The sister of another teen sensation, Ryan Ruffels,  Gabi's feat was made even more remarkable by the fact that she took up golf less than five years ago.

The daughter of former tennis professionals, Ray Ruffels and Anna Maria Fernandez, spent much of her youth pursuing top class tennis but switched sports at the age of 14.

In the wake of Ruffels and Green’s victories and with Western Australia’s Minjee Lee firmly established in the top five of the women’s world rankings, Australia’s best ever - Karrie Webb - says a ‘golden age’ may be upon us for Australia’s women golfers.

"I think the timing of Gabi's win couldn't be better,” the 44-year-old seven-time major champion told AAP’s Evin Priest.

"It was only a couple of months ago that Hannah won the PGA. Australian girls are really putting our country on the map and it's great to see."

High praise indeed, and good news for Australian fans who will have plenty to cheer for over the next few years it seems.

You can watch some highlights of Gabi’s impressive win in the following video:





PGA Tour Commissioner Jay Monahan was unapologetic about controversial changes made to the format for the season ending Tour Championship.

For the first time in the history of professional golf, handicap strokes were awarded to players at the start of the week based on their position in the year-long FedEx Cup competition.

The move didn’t find favour with all fans and commentators but Monahan was adamant the system is a better one and while it would take some getting used to would ultimately be embraced.

He told journalists at the start of the week that fans would need to adjust their thinking about the event in order to understand the changes.

"I think that fans know this is a season-long competition; it's not a tournament," Monahan said.

"The FedEx Cup is not a tournament.
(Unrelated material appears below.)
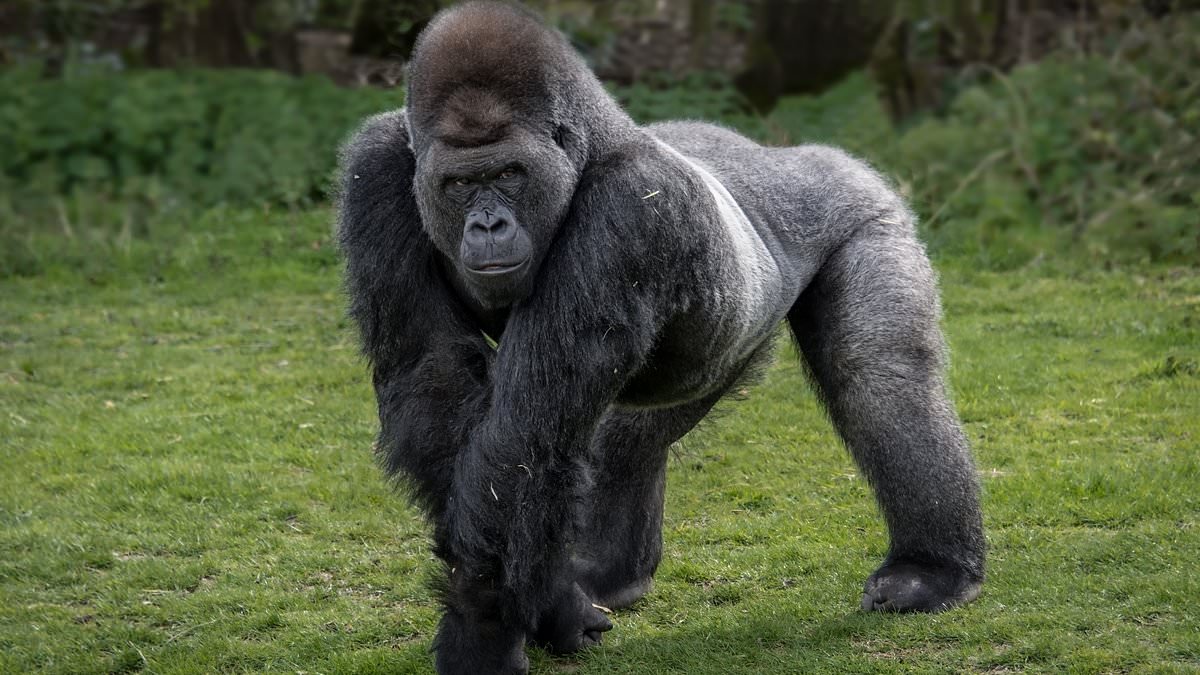 Could a gorilla beat 100 men in a fight? It's the question that's taken over the world - and now some top footy stars have answered it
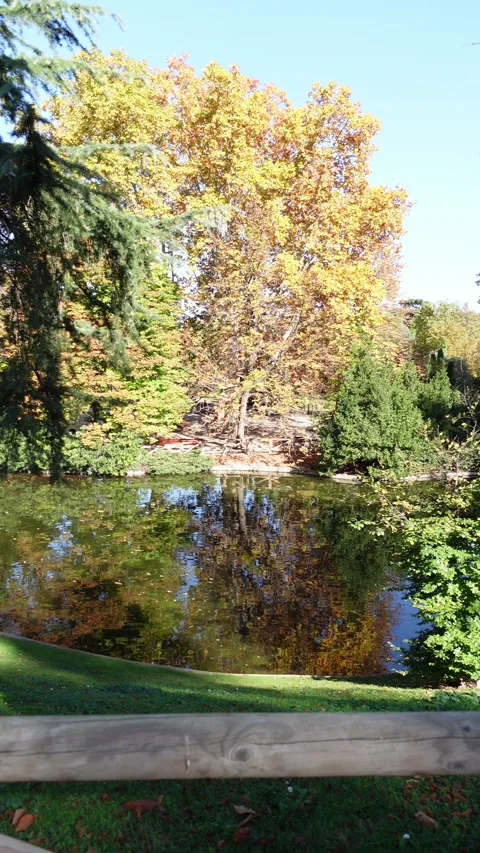 Vertical video of a beautiful pond reflecting fall colors 스톡 동영상 342494599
The Tour Championship is now for the FedEx Cup. So when you make that transition, you have to recognize that there are 45 weeks and 45 tournaments that precede it.
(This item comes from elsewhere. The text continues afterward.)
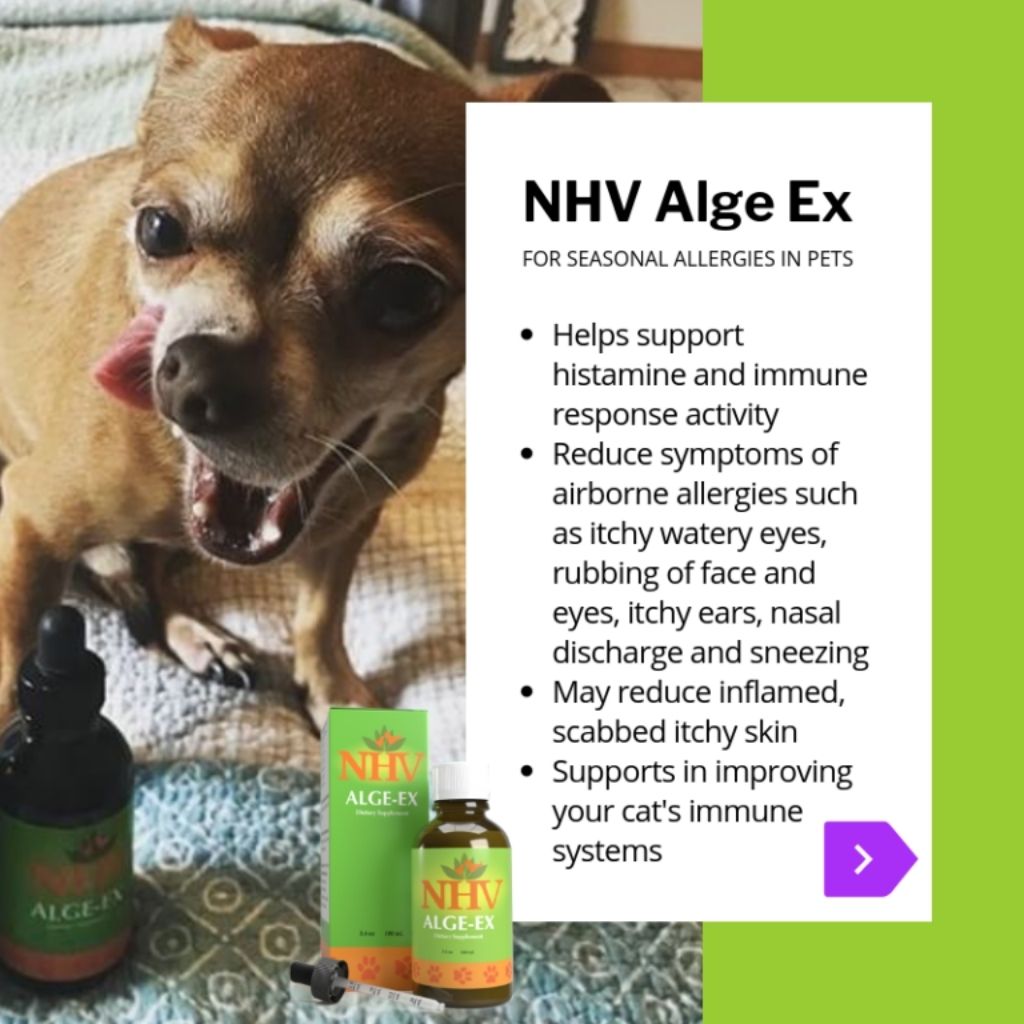NHV Alge ex for allergies in dogs and cats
"As we make this transition, I think you have to take a longer perspective on it."

Rory McIlroy (who started the week at 5-under-par and five shots behind Justin Thomas who was the leader at the start of the week) cruised to a three-shot victory over Xander Schauffele to claim the $15 million first prize.

He is the only person other than Tiger Woods to win more than one Fedex Cup.





The world’s most recognisable golfer may yet tee up at The Presidents Cup in Melbourne in December with American Captain Tiger Woods saying he is a chance to pick himself for the 12-man US team.

Woods didn’t play well enough during the year to be among the eight automatic qualifiers finalised after the second of the FedEx Cup play-off events but said during a media conference call he is not out of the running yet.

“My job as the Captain is to put together the best team possible and try and put together the best 12 guys,” he said.

“We’ll be going through the whole process of having open communication with our top eight guys and my vice captains.

“That is something that we will certainly talk about, whether I should play or not play.

“Ultimately, it’s going to be my call whether I do play or not as the captain. But I want to have all of their opinions before that decision is made.”

The Presidents Cup will be played at the world renowned Royal Melbourne Golf Club from December 12-15. For Official Presidents Cup Travel Packages, please click here for more information.

As always, the US team looks impressive on paper with their eight automatic qualifiers, though the Internationals will benefit from the presence of at least three Australians.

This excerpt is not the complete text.